Jörn "Joe" Menninnger | Founder, Editor in Chief | Startuprad.io [00:00:09]:
Your podcast and YouTube blog covering the German startup scene with news interviews and live events. Hey guys, welcome back to part two of our interview with Nicola from Haikyuu AI, a quantum computing startup. He was just power loading us with information and we were talking about as much as possible in one episode. So we decided instead of the usual ad break in the middle, we split this in two episodes. So welcome back here Mikola. Welcome back and let's dive right in. Your anomaly detection work with IBM's Hero processor was presented as an imperial signal rather than a claim of quantum advantage.

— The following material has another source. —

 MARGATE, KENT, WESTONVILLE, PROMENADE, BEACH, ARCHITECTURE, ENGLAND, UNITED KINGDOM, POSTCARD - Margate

What exactly did that experiment demonstrate?
Mykola Myksymenko | Co-Founder & CTO | Haiqu [00:01:04]:
Yeah, so that that's actually one of the recent exciting work in our team. So it's not yet published in the like proper peer reviewed journal. However the there is a lot of material that will go in the peer reviewed publication soon. But the great result that we got is the following. So one of the bottlenecks in quantum computers is data loading. So if you want for example to apply quantum computers to machine learning applications, the first problem that you will discover is not that it's hard to train or like you need to build some architectures of neural networks or your machine learning algorithm, but you basically will have troubles with encoding your data in the quantum computing memory or the state initial state. And typically when you do so, you need so deep or so many operations in your algorithms that it very quickly accumulates noise. Because quantum computers are currently noisy, they have errors and because of those errors your data becomes corrupted, so it's not operable.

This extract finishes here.